Ahem - now that the cigars have arrived, you may want to reflect on a few things:

1) She bought them for you.
2) She figured out how to get them for you.
3) She bought them for you.
4) She can find out what you say about her on Puff.
5) She bought them for you.

See first quote at top of page, and cross-reference with item 4 above, taking into consideration items 1, 3, and 5. See where I'm going with this?


----------



## jimbo1 (Aug 18, 2010)

very thoughtful of her, I'd say a nice long romantic walk while enjoying one of those bad boys would be my next move, of course this would be after taking her out on the town-doing what she likes.....good luck with the wedding and congrats


----------



## kjd2121 (Jul 13, 2006)

Not be be an ass or anything, but please don't post photos of the packaging. We don't want to give customs any thing to look for. Please delete those photos for all of our safety.


----------



## tpharkman (Feb 20, 2010)

kjd2121 said:


> Not be be an ass or anything, but please don't post photos of the packaging. We don't want to give customs any thing to look for. Please delete those photos for all of our safety.

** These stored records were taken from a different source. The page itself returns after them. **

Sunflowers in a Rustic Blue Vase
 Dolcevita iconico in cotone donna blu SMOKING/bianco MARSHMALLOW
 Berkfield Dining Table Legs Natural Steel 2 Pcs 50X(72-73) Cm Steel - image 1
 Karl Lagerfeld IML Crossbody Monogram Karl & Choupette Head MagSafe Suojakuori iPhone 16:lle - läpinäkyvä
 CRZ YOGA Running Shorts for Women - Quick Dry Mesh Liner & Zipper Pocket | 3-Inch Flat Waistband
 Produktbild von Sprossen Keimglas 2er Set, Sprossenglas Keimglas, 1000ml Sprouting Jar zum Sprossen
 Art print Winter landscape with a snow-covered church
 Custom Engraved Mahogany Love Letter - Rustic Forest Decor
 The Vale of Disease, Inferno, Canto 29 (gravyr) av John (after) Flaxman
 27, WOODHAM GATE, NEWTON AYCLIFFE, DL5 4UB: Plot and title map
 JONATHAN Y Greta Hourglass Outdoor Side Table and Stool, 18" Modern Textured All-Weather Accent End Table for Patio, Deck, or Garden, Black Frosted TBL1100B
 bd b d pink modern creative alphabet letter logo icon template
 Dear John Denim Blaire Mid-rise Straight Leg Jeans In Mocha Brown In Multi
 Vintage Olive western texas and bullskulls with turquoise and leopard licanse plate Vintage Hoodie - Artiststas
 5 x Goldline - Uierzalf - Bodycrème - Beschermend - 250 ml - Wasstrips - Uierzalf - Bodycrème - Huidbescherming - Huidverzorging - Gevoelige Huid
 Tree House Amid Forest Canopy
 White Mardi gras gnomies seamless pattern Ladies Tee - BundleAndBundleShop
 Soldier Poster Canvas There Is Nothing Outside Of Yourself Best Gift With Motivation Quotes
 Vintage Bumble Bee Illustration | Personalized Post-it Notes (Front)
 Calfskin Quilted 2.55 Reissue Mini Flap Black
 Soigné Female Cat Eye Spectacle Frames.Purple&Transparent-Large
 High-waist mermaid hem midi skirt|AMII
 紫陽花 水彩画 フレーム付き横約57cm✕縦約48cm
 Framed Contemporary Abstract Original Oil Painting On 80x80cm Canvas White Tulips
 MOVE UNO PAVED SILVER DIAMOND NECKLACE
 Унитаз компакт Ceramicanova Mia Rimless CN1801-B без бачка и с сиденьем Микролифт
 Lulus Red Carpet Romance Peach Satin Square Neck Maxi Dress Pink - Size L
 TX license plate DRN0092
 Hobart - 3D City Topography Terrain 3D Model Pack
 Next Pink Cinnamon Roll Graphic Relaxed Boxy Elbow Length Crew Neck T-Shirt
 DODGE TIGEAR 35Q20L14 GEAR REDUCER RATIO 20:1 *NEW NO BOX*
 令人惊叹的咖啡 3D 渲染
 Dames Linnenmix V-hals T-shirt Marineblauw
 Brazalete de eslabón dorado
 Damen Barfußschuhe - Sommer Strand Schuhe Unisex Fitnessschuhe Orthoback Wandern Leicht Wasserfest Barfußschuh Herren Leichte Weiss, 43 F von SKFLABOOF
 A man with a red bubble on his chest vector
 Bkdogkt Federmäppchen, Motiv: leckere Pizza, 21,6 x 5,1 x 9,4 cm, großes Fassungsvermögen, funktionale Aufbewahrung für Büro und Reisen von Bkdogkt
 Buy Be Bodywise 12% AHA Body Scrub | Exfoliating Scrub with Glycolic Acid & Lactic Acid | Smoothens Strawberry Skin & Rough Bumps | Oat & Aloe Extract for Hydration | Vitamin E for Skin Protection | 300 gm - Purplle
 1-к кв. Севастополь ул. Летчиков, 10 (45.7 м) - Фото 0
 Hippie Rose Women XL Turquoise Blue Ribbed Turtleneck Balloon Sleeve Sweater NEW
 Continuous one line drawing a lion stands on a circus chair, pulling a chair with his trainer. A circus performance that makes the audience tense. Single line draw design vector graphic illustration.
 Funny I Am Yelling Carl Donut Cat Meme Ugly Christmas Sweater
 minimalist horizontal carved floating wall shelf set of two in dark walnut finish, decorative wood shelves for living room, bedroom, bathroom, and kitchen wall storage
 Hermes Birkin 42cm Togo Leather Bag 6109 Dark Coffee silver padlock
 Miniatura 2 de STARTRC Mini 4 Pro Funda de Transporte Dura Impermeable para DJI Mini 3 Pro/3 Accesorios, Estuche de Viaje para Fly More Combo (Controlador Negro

I am not trying to be an ass either, but after last November and again this spring, Customs surely knows by now what those yellow packages are carrying.

I agree with you that it probably isn't prudent to post packaging but that bright yellow bag that just screams, "Habanos on board", is no longer inconspicuous.

Just sayin....


----------



## OdessaDan (Nov 29, 2009)

Thanks Everyone, she is an amazing woman. After they rest for a bit Im sure we will take a long walk while i enjoy a cigar. LOL

Hopefully, she does not look at puff. She may see all the cigars I have bought and my future plans, LMAO.

Dan


----------



## kjd2121 (Jul 13, 2006)

tpharkman said:


> Customs surely knows by now what those yellow packages are carrying.


I think if all customs inspectors knew this then they would all get opened. Either that or they are so overwhelmed they don't give a damn.

Either way I don't think it a good idea to post packaging from any illegal purchases. You could be setting yourself up for a visit from the boys in black - Or at least a letter.

I'm sure our vendors wouldn't be too happy either!!!

Why the need to advertise our purchases if we are so paranoid of the crackdowns?

Just sayin -


----------



## tpharkman (Feb 20, 2010)

kjd2121 said:


> Either that or they are so overwhelmed they don't give a damn.
> -


You hit the nail on the head.

US Customs confiscates ccs the same way Great White Sharks attack innocent ocean goers, by mistake. If the sharks wanted every swimmer in the ocean then it would be done and that goes the same for US Customs and our boxes of cigars. The truth of the matter is that the shark has plenty of food that tastes better than bones and human flesh and the Customs agent has more pressing issues on their list of things to protect us from than a few items of twang.


----------



## OdessaDan (Nov 29, 2009)

As far as I understand, the packages are not handled by hand. I am under the impression that the packages come in and are placed on a conveyor belt and there is a computer that scans each package label and weighs the packages. If the package label say something that is either not good or unreadable then it is pushed off to an area where an agent will investigate further. Also, when the package is weighed if it is unusually heavy for its size it can also be pushed off.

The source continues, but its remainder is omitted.